Evan Sanders: What an album! I find it hard to sufficiently describe how much the Sex Pistols changed the trajectory of rock music at a time when the listening landscape offered safer options such as Fleetwood Mac and Billy Joel, progressive options from Pink Floyd and Yes, and the highly produced sounds of Queen, Meat Loaf, and more.
Punk stripped everything down and reintroduced anger as a driving force. Even though the Sex Pistols were criticised then and now for their limited musical skills, people were missing the point that they were looking more for a garage band feel than technical excellence.
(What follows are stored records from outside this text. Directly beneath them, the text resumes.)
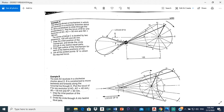AO equals 50, so the radius of the circle is 50 and AB equals 180. So from A to B is 180. We also need C — the center of block C is located by two dimensions: 120 mm and 20 mm. From the center O to this point is 120 mm, and then from there down to C is 20 mm.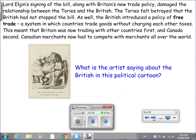Lord Elgin's signing of the bill, along with Britain's new trade policy, damaged the relationship between the Tories and the British. The Tories felt betrayed that the British had not stopped the bill. The British also introduced a policy of free trade — a system in which countries trade goods without charging each other taxes — meaning that Britain was now trading with other countries first and Canada second, and Canadian merchants had to compete with merchants all over the world. Here we see a political cartoon showing a rather portly-looking lion — what is the artist saying about the British in this cartoon? Take a closer look and we'll talk about it tomorrow.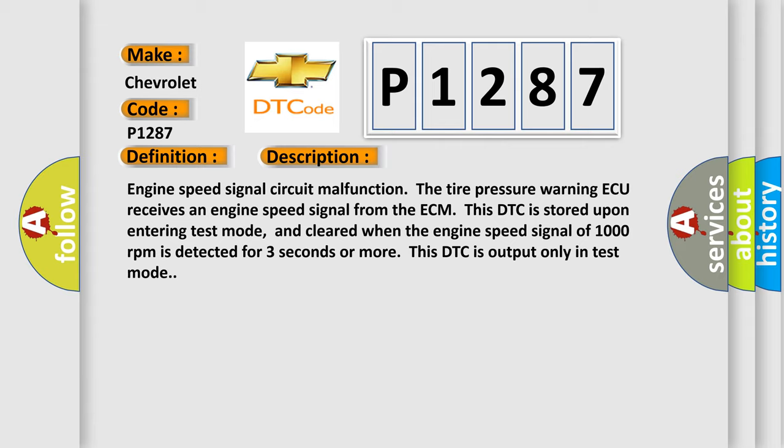And cleared when the engine speed signal of 1000 RPM is detected for three seconds or more. This DTC is output only in test mode.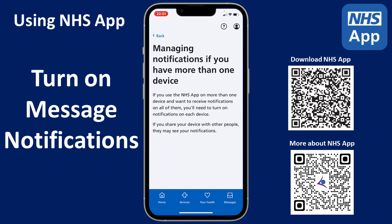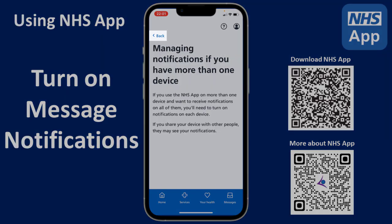If you share your device with other people, they may see your notifications. Tap Back.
And the album does hold up well. All 12 songs are strong, and several remain as punk archetypes, including Holidays In The Sun, God Save The Queen, Pretty Vacant, and Anarchy In The UK. Other bands had longer careers, and perhaps the Sex Pistols were destined, in Neil Young's words, as ones who were "better to burn out than to fade away". 8/10 for the music alone, 9/10 for the cultural significance.
Brian Hart: The greatest punk album of all time. It has all the rawness and attitude you want with just a hint of just a hint of pop sensibility to make every song singable and memorable. This is the definitive punk album.
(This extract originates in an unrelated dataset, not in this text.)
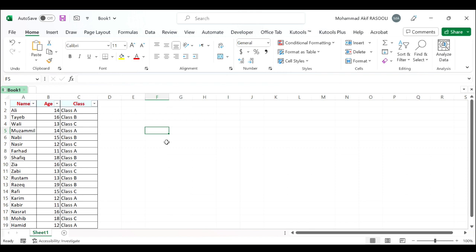Hi everyone, in today's tutorial I will show you how to automatically reapply auto filter when data changes with VBA code in Excel. When you apply the filter function to filter data, the filter result will not be changed automatically with the data changes in your filter data.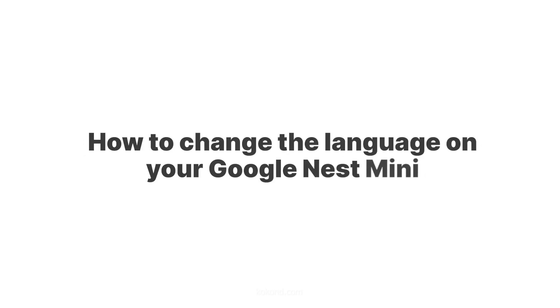Hey everyone, and welcome back to the channel. Today, we're taking a quick look at how to change the language on your Google Nest Mini.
Andrew Cumming: Growing up in the late ’80s, my experience of this album was shaped by its reputation. It seemed like everyone in rock music regarded it as hugely influential. The upside was discovering it without all the surrounding hype (often no bad thing). So my experience was being told – by everyone, it felt like – that this was a brilliant album until I conceded and went and bought it.
The marching intro to Holidays In the Sun still sends shivers, and the album launches at a ferocious pace - Holidays, Bodies (a revoltingly brilliant song), No Feelings, Liar, God Save The Queen and Problems. What a start, what a side 1. Chock full of attitude and great songs. Even without the context, it's a set of songs to make you want to rebel against, well, anything frankly.
Side two is a patchier affair. Seventeen begins with a snarl ("You're only twenty-nine"), and Anarchy and Pretty Vacant are great (although I suspect Anarchy in particular was a song that benefited from being there at the time). The rest less so. So it feels like the album runs out of steam a bit. In fact, listening to the album feels a bit like a metaphor for the Pistols' initial life - hits you like a train, for a quite a while, but then fizzles out.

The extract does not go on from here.